- Education: Johns Hopkins University Purdue University Harvard Medical School
- Scientific career
- Fields: Computer science Biophysics
- Workplaces: Indiana University Harvard University

= Jack Yang =

American computer scientist and biophysicist

Jack Y. Yang is an American computer scientist and biophysicist. As of 2011, he is the editor-in-chief of the International Journal of Computational Biology and Drug Design.

==Education==
Yang received his Ph.D. and MS degrees from Purdue University under the supervision of Okan Ersoy (computer engineering) and Albert Overhauser (biophysics), receiving the grade of summa cum laude and the award of Ph.D. thesis of the year in the USA. His post-doctoral training was from Harvard Medical School and Indiana University School of Medicine, and he received training in biostatistics and bioinformatics from Johns Hopkins University, and in computer science from University of Illinois at Urbana-Champaign.
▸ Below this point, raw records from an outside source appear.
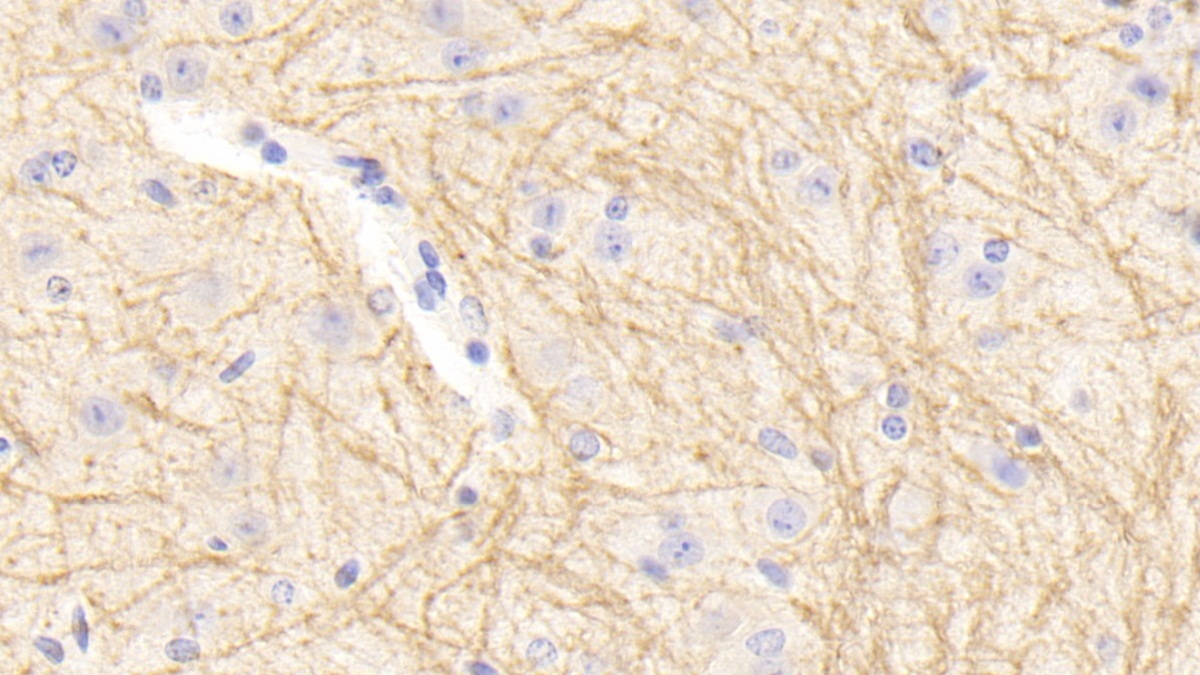 Polyclonal Antibody to Tubulin Beta 1 (TUBb1)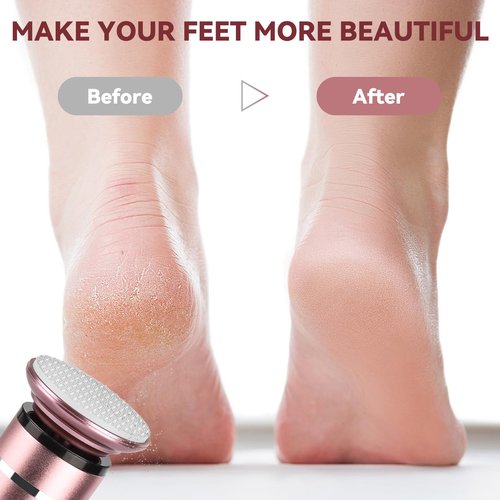 Electric Foot Callus Remover Cordless, 3 Adjustable Speed Foot File with 4 Nano Glass Grinding Disc, Professional Pedicure Tool Foot Scrubber for Heel Dead Skin and Calluses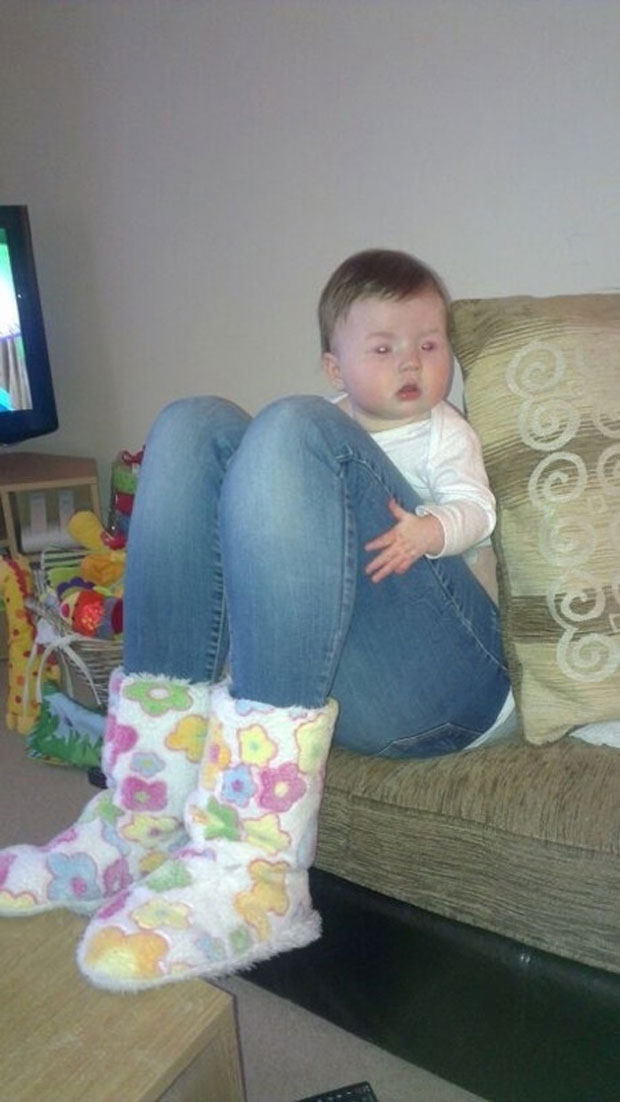This baby does not has huge legs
During this period he spent a few months at the CERN Institute. Yang was trained as a combined experimental and computer scientist with teaching, research, engineering, and in field practice in computer science, biomedical engineering and biophysics.

== Career ==
Yang works in engineering and translational medicine, with research interests ranging from cancer homeostasis, computational drug development, high throughput biology, database maintenance and microfluidomics applied to microarray proteomics. He specializes in cancer biology and artificial intelligence.
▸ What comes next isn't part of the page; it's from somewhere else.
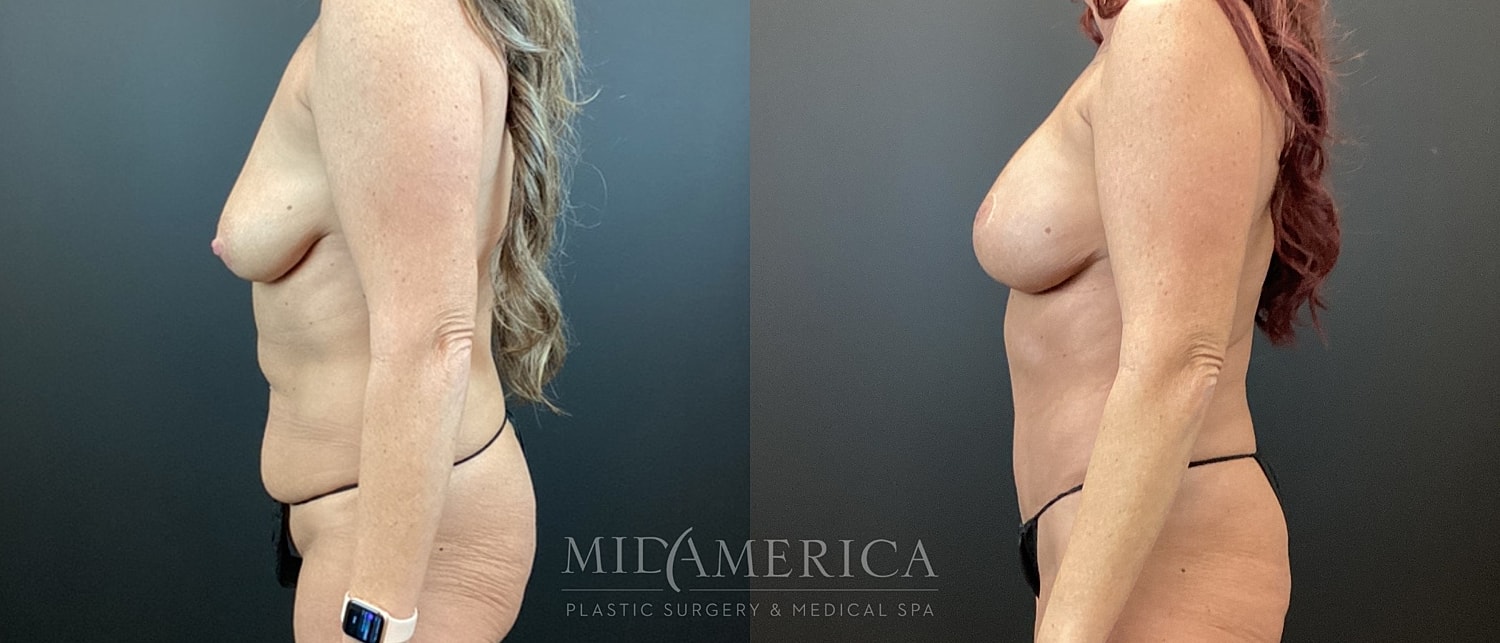 Mommy Makeover Before & After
He is an honorary editor for the International Journal of Functional Informatics and Personalized Medicine and editor-in-chief of the International Journal of Computational Biology and Drug Design, together with partial appointments in Nature and Science, where he contributes regular revisions and comments. He has also been an editor of more than a dozen journals and proceedings books including the Journal of Supercomputing.

He was the general chair of the IEEE 7th International Conference on Bioinformatics and Bioengineering at Harvard Medical School and Co-PI of several grants form the National Science Foundation, Howard Hughes Medical Institute, and the National Institute of Health. He is also a consultant to Interlink Continental Journal of Biological Sciences, MIR labs, and the International Conference on Bioinformatics and Computational Biology.

Yang has published more than 100 peer-reviewed papers and book chapters, especially in BMC Genomics. He is a permanent candidate to the Millennium Technology Prize. Yang completed a university speaking tour in Japan, and met with prime minister Yoshihiko Noda to discuss possible solutions to the Fukushima Daiichi nuclear disaster.